● **What is needed**: Starting at the line that holds "Floorplan of 2" and stopping at the line that holds "A GROUP OF 5", restate the records below word for word, with both of those lines included.

● **Items listed in a dataset**:
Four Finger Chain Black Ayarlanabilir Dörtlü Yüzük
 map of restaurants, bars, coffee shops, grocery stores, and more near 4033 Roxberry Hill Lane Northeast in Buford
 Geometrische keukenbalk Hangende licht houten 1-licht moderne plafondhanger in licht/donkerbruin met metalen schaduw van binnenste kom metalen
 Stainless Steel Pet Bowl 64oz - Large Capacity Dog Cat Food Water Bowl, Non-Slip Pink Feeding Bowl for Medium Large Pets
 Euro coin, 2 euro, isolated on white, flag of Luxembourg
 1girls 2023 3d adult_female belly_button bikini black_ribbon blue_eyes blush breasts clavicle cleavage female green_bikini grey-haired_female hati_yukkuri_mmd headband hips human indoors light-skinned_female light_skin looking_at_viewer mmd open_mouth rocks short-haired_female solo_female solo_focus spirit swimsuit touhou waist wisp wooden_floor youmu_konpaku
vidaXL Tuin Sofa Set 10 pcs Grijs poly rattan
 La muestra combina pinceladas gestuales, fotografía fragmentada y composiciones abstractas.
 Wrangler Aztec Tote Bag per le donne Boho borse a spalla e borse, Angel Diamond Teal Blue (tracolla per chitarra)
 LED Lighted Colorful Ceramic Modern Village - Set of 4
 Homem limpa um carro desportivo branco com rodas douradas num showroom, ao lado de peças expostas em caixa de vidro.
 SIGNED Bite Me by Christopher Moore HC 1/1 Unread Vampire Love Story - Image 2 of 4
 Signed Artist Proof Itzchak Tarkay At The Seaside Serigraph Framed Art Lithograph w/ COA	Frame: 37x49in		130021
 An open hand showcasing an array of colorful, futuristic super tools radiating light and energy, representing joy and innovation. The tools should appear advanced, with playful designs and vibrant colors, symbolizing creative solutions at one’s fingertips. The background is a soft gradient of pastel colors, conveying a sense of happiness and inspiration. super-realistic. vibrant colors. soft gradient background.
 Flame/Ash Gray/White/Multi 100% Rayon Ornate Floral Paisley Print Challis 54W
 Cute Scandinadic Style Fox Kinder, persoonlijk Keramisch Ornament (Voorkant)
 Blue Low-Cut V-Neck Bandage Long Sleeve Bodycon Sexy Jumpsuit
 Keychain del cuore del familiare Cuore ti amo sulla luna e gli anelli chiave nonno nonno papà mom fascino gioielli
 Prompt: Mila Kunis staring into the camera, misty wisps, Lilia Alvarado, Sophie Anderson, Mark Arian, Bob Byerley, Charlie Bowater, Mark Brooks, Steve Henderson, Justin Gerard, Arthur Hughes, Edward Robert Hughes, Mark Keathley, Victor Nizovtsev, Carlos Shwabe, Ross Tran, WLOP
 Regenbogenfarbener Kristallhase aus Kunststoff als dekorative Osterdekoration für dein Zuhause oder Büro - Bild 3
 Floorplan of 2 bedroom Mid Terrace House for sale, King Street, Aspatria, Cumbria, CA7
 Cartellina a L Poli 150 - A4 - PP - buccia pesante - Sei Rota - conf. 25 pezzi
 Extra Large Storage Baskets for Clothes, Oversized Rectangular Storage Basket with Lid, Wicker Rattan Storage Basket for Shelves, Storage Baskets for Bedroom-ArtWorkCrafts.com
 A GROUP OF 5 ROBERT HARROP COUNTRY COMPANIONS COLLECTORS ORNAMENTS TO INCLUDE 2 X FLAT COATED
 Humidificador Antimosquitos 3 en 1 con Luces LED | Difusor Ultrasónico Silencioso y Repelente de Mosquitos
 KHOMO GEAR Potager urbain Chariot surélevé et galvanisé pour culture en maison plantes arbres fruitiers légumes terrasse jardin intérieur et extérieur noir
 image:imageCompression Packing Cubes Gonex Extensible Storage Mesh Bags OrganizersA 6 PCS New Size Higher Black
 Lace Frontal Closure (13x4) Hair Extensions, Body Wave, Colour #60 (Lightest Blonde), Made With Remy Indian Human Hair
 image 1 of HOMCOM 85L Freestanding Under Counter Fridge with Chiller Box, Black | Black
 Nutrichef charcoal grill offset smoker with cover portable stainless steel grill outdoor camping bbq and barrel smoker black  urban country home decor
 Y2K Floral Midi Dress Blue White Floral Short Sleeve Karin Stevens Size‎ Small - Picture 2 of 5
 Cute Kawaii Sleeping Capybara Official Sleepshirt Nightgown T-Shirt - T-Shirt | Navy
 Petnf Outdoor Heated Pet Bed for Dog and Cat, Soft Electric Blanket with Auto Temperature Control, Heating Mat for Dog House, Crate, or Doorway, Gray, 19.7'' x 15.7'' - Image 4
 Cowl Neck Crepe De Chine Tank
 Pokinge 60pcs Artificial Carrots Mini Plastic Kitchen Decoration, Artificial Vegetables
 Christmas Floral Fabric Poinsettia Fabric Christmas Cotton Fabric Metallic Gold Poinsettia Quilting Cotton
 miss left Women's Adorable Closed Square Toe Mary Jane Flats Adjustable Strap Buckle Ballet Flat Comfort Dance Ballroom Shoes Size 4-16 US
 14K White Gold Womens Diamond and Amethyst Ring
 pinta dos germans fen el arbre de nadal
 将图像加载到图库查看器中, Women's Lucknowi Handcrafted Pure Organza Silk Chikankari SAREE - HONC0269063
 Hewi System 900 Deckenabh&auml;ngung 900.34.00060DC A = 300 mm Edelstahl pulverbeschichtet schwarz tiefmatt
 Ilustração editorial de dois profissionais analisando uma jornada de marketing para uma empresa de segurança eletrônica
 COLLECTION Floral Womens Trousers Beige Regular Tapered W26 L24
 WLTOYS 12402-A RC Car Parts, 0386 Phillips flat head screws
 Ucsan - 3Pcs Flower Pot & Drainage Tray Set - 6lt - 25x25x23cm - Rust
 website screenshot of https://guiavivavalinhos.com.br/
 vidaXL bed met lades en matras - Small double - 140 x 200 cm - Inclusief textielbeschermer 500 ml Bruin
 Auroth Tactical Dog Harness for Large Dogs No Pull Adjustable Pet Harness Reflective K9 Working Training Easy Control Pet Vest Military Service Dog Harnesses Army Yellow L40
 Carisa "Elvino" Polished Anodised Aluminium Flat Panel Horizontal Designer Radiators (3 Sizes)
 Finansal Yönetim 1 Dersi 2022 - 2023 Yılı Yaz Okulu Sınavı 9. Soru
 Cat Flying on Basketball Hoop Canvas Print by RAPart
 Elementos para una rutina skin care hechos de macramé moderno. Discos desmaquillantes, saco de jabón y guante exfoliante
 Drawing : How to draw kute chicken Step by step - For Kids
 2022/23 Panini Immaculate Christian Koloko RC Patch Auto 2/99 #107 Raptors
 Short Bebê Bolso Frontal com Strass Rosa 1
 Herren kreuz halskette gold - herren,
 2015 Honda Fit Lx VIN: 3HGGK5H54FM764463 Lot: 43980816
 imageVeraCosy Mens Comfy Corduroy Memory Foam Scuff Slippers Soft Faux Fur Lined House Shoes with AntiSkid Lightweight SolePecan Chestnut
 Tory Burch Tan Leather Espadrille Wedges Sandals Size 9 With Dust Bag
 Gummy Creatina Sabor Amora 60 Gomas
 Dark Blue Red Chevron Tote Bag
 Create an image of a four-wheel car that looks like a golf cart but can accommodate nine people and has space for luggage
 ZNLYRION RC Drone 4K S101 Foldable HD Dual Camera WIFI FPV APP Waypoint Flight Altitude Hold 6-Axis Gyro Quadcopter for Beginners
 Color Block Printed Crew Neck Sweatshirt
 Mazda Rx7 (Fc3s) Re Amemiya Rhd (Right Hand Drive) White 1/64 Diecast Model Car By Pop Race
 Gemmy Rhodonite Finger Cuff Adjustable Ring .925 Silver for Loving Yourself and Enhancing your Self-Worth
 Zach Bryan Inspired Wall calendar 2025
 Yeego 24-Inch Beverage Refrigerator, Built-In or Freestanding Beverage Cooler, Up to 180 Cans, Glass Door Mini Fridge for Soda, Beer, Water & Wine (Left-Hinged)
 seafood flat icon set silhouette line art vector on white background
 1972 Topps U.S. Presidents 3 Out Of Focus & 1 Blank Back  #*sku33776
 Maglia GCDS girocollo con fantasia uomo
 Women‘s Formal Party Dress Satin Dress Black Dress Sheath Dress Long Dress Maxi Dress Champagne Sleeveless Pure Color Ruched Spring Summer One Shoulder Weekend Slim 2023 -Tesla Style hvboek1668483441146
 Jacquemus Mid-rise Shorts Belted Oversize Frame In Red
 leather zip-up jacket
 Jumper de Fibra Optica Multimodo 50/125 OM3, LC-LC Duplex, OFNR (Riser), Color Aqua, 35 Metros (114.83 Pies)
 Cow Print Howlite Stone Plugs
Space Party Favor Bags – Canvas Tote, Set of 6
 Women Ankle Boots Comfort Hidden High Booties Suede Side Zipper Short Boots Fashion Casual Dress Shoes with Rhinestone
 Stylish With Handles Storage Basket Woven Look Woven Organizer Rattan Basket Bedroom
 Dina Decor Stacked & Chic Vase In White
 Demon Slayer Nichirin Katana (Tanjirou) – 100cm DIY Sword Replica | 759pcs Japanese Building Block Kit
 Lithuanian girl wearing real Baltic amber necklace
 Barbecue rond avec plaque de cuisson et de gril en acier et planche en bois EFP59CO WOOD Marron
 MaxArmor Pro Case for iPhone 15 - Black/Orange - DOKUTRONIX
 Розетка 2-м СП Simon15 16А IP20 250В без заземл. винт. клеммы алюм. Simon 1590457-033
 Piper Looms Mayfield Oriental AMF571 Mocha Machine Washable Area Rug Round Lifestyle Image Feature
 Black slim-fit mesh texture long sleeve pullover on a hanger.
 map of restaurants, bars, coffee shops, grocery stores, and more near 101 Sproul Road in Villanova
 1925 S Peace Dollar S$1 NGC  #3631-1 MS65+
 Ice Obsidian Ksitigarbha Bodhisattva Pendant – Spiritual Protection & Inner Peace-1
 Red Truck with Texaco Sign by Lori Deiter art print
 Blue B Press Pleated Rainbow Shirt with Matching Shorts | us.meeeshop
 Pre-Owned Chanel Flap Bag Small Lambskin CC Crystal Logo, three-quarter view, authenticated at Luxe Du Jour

● **Your solution**:
 Floorplan of 2 bedroom Mid Terrace House for sale, King Street, Aspatria, Cumbria, CA7
 Cartellina a L Poli 150 - A4 - PP - buccia pesante - Sei Rota - conf. 25 pezzi
 Extra Large Storage Baskets for Clothes, Oversized Rectangular Storage Basket with Lid, Wicker Rattan Storage Basket for Shelves, Storage Baskets for Bedroom-ArtWorkCrafts.com
 A GROUP OF 5 ROBERT HARROP COUNTRY COMPANIONS COLLECTORS ORNAMENTS TO INCLUDE 2 X FLAT COATED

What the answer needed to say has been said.